It’s crazy how much panic ensues the first time an article online mentions the word “recession”. There is always an asshole predicting the next recession is going to start tomorrow. And unlike predicting the end of the world, some people actually “get it right” because recessions aren’t all that rare. Sure, we never know when they are going to start, but what we do know is they will happen. No one wants to lose half of their portfolio value, but it’s a worthy tradeoff to occasionally lose temporary value in our portfolio to get the long term gains that always occur. There are always people that say the next “recession” is imminent, and when it comes we’ll all lose our jobs, our wives, our happiness, and our money! Sounds pretty awful, right? There are two things I want to stress here. First, recessions are going to happen. They happen in almost every decade. The most recent one in 2007-2008 was considered a very bad one. Here is a list of every US recession that has occurred, and as you can see there’s a nice column for “time since last recession” and we tend to see that they usually happen about every 6 years over the long haul.
Let’s give a backdated example of an investor starting out at the worst possible time, when the market was highest in 2007 and watch what happens when the recession hits. We’ll use 3 dates here: October 2007 when market was high, February 2009 when market reached its low point, and November 2015 to show present day value.

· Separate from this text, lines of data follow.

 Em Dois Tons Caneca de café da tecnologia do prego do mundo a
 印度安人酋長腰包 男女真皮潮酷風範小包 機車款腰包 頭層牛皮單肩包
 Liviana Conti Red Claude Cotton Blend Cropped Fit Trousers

These are approximate dates/numbers so don’t fault me for stock prices or dividend payouts.
Invest $25,000 in Coca-Cola
2007: Bought 833 shares @ $30 per share, Total Value = ~$25,000
2009: Recession occurs; stock drops to $20 per share, and makes 833 shares worth ~ $16,500 (plus dividends received)

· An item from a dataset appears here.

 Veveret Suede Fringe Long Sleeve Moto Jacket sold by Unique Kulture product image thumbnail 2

2015: Present Day, stock price rises to $42 per share, 833 shares now worth ~ $35,000
Dividends received using 3% annual approximation = $6,000
Total Value = ~$41,000 (64% return)
Invest $25,000 in Johnson & Johnson
2007: Bought 379 shares @ $66 per share, Total Value = ~$25,000
2009: Recession occurs; stock drops to $48 per share, and makes 379 shares worth ~ $18,200 (plus dividends received)
2015: Present Day, stock price rises to $102 per share, 379 shares now worth ~ $38,600
Dividends received using 3% annual approximation = $6000
Total Value = ~$44,600 (78% return)
These examples are obviously not useful to you today, as you don’t have a time machine (that I know of). However, it illustrates the following investing principles:
Recessions happen. And as you can see from the list on Wikipedia, they aren’t all that uncommon. The way to be prepared for them is to only invest money you don’t need in the short term. Always keep an emergency fund for tough times
NEVER sell stock during a recession. You are literally throwing money away by selling your stock beneath their true value.

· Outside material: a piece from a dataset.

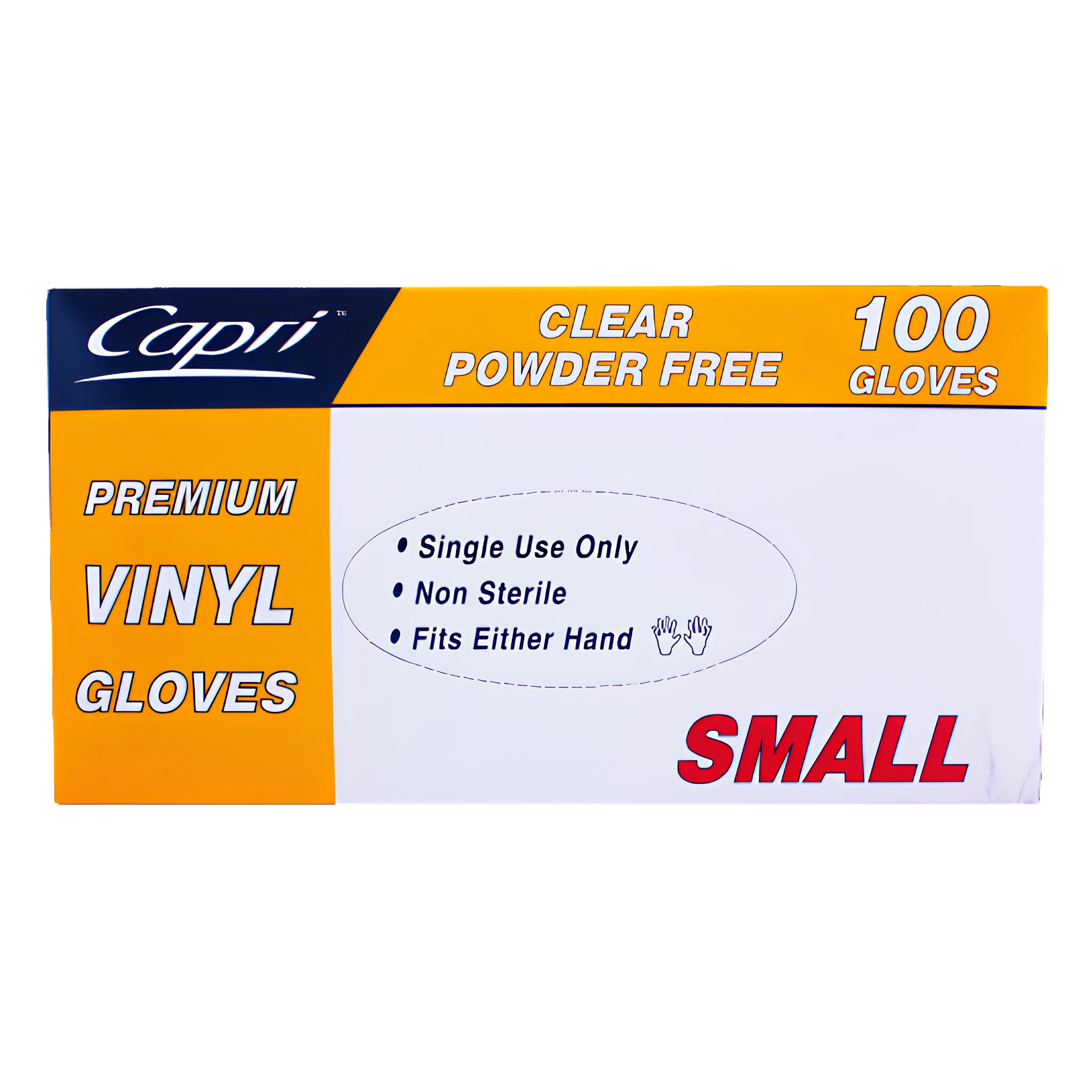 Capri Vinyl Gloves Powder Free Small 100 Pack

BUY when people panic. You can see in these examples we had great prices on both Coca-Cola and Johnson & Johnson stock in 2009. If you were fortunate enough to buy consistently throughout the recession, you might be getting close to doubling that investment by 2015.
Remember your portfolio represents temporary value. You aren’t actually losing a large chunk of your money when a recession hits, only temporary value.
Strong Dividend Stocks continue to pay during a recession. Coca-Cola and Johnson & Johnson continued the same dividend payments and even raised them during these rough years. It’s a good starting point to see which companies did this and assume they can do it again when the next recession hits us.
If you invest with a plan and anticipate recessions, they shouldn’t worry you in the least. We’ll continue to receive our dividend payments on a monthly basis to make ourselves feel motivated. This is another prime example of why we should be using our dividend income as our “progress meter”, instead of portfolio value, which can vary greatly depending on the overall economy. Plan ahead, save your money, and sleep well at night while you work toward your financial goals!